____ DATASET CONTENT

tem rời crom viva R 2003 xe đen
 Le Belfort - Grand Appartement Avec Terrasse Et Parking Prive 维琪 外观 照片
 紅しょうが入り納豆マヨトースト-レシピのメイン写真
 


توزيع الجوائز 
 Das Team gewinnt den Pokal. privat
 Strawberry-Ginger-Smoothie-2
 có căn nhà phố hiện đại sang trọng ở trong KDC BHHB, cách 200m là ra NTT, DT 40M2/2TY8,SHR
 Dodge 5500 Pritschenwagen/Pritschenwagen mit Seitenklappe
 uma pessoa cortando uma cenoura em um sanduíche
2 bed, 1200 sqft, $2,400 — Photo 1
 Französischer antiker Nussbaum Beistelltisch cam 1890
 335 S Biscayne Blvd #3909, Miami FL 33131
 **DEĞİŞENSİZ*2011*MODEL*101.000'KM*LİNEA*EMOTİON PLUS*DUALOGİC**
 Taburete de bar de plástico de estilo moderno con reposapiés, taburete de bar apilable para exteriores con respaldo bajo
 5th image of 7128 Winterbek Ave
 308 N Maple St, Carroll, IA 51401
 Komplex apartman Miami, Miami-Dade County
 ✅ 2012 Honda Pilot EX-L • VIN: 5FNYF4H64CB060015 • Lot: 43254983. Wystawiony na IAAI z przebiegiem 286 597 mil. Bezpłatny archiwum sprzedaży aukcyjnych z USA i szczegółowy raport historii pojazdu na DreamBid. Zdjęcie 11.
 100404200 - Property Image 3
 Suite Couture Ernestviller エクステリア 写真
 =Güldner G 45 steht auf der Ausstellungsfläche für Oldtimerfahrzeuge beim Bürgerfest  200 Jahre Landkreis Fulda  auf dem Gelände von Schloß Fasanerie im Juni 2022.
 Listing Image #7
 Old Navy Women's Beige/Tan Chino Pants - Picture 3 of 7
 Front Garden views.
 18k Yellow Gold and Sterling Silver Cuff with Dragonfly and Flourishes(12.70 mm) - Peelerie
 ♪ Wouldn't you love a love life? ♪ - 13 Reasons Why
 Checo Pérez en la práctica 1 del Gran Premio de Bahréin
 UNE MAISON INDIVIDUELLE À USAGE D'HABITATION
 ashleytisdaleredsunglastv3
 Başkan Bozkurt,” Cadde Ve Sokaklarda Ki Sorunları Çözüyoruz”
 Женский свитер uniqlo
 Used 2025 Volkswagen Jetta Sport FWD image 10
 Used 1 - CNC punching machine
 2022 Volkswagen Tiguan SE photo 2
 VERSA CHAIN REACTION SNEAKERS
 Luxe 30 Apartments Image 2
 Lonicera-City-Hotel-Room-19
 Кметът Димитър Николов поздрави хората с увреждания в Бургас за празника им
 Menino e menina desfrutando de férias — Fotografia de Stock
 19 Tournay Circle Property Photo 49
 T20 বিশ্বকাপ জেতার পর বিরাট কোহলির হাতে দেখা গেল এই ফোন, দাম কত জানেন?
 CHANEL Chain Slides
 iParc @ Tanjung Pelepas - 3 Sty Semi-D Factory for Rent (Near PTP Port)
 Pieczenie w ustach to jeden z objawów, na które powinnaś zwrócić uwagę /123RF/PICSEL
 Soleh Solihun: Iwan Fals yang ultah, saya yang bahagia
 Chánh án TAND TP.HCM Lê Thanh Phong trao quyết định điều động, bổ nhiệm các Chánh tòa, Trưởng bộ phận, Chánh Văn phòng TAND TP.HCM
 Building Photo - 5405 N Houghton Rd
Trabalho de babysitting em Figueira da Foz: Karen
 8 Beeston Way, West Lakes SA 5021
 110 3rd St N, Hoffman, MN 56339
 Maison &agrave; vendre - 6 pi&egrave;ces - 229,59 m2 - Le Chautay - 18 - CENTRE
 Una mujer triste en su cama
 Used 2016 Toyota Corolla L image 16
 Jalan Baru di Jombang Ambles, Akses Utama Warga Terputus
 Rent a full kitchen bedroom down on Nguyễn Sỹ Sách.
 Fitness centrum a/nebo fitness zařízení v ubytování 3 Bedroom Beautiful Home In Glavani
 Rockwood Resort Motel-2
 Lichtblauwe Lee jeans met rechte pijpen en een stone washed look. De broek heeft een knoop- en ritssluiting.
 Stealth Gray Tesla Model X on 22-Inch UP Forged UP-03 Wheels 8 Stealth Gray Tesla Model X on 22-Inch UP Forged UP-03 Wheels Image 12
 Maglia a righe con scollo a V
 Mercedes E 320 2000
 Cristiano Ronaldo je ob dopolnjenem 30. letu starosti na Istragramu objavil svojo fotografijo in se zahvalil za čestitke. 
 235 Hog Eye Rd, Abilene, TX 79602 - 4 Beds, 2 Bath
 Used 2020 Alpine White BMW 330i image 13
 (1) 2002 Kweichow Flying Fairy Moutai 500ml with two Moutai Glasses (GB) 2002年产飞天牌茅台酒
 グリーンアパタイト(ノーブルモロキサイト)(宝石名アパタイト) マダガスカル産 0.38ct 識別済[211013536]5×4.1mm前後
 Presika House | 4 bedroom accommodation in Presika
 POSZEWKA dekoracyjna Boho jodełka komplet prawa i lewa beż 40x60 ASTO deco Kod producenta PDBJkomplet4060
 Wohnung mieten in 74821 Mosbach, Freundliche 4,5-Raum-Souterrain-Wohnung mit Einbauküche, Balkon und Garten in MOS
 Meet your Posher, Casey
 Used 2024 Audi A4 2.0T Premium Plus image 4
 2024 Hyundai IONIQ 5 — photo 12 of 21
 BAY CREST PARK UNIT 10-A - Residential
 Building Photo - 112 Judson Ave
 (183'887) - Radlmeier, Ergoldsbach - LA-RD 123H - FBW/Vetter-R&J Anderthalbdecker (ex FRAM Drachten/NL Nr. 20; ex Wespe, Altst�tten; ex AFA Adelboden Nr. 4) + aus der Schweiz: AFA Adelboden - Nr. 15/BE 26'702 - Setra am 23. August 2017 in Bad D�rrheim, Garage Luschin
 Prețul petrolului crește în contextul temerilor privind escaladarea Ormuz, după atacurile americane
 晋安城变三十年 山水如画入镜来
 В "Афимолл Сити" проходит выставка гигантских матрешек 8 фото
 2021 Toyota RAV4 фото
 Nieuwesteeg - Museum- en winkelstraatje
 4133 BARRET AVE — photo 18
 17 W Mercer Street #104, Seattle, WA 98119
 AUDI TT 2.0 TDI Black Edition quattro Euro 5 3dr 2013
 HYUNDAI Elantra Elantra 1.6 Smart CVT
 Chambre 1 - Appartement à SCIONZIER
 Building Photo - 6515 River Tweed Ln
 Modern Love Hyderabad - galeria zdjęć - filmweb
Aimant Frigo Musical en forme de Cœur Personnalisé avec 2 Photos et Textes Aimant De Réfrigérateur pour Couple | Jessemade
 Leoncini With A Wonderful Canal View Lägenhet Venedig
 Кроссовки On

________

▸ WORK REQUEST:
Beginning with the line containing "235 Hog Eye" and ending with the line containing "グリーンアパタイト(ノーブルモロキサイト)(宝石名アパタイト) マダガスカル産 0.38ct", extract those lines exactly from the listing above, and only those.

▸ ANSWER SPACE:
 235 Hog Eye Rd, Abilene, TX 79602 - 4 Beds, 2 Bath
 Used 2020 Alpine White BMW 330i image 13
 (1) 2002 Kweichow Flying Fairy Moutai 500ml with two Moutai Glasses (GB) 2002年产飞天牌茅台酒
 グリーンアパタイト(ノーブルモロキサイト)(宝石名アパタイト) マダガスカル産 0.38ct 識別済[211013536]5×4.1mm前後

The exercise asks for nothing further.